**Assignment:** Would you please repeat the data that follows, exactly as it reads?

== Segment start ==

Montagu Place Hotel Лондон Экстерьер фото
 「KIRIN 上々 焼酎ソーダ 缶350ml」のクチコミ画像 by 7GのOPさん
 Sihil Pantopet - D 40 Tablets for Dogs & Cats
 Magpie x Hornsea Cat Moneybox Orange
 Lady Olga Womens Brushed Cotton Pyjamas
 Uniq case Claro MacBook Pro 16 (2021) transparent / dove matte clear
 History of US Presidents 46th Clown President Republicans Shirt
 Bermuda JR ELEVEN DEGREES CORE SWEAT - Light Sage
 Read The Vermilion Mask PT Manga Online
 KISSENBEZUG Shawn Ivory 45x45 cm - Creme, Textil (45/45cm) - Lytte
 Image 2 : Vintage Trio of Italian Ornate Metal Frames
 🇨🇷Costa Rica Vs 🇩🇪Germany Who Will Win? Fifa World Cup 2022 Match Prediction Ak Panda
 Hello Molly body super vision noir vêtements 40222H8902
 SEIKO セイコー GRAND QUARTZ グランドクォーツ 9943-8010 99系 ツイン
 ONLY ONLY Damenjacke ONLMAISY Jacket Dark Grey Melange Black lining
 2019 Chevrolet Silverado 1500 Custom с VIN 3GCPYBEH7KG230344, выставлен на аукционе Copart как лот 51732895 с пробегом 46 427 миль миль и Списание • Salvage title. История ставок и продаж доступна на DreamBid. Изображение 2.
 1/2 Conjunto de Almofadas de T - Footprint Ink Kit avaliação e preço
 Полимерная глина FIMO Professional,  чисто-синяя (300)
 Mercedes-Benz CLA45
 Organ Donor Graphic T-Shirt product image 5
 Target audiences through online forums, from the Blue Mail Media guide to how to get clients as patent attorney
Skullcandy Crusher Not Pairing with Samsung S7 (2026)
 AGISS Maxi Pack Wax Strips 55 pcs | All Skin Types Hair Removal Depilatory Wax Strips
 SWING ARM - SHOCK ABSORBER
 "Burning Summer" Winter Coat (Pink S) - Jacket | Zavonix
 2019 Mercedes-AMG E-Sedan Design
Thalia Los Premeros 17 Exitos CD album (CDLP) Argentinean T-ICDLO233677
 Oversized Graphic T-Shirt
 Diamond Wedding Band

== Segment end ==

**Expected answer:**
Montagu Place Hotel Лондон Экстерьер фото
 「KIRIN 上々 焼酎ソーダ 缶350ml」のクチコミ画像 by 7GのOPさん
 Sihil Pantopet - D 40 Tablets for Dogs & Cats
 Magpie x Hornsea Cat Moneybox Orange
 Lady Olga Womens Brushed Cotton Pyjamas
 Uniq case Claro MacBook Pro 16 (2021) transparent / dove matte clear
 History of US Presidents 46th Clown President Republicans Shirt
 Bermuda JR ELEVEN DEGREES CORE SWEAT - Light Sage
 Read The Vermilion Mask PT Manga Online
 KISSENBEZUG Shawn Ivory 45x45 cm - Creme, Textil (45/45cm) - Lytte
 Image 2 : Vintage Trio of Italian Ornate Metal Frames
 🇨🇷Costa Rica Vs 🇩🇪Germany Who Will Win? Fifa World Cup 2022 Match Prediction Ak Panda
 Hello Molly body super vision noir vêtements 40222H8902
 SEIKO セイコー GRAND QUARTZ グランドクォーツ 9943-8010 99系 ツイン
 ONLY ONLY Damenjacke ONLMAISY Jacket Dark Grey Melange Black lining
 2019 Chevrolet Silverado 1500 Custom с VIN 3GCPYBEH7KG230344, выставлен на аукционе Copart как лот 51732895 с пробегом 46 427 миль миль и Списание • Salvage title. История ставок и продаж доступна на DreamBid. Изображение 2.
 1/2 Conjunto de Almofadas de T - Footprint Ink Kit avaliação e preço
 Полимерная глина FIMO Professional,  чисто-синяя (300)
 Mercedes-Benz CLA45
 Organ Donor Graphic T-Shirt product image 5
 Target audiences through online forums, from the Blue Mail Media guide to how to get clients as patent attorney
Skullcandy Crusher Not Pairing with Samsung S7 (2026)
 AGISS Maxi Pack Wax Strips 55 pcs | All Skin Types Hair Removal Depilatory Wax Strips
 SWING ARM - SHOCK ABSORBER
 "Burning Summer" Winter Coat (Pink S) - Jacket | Zavonix
 2019 Mercedes-AMG E-Sedan Design
Thalia Los Premeros 17 Exitos CD album (CDLP) Argentinean T-ICDLO233677
 Oversized Graphic T-Shirt
 Diamond Wedding Band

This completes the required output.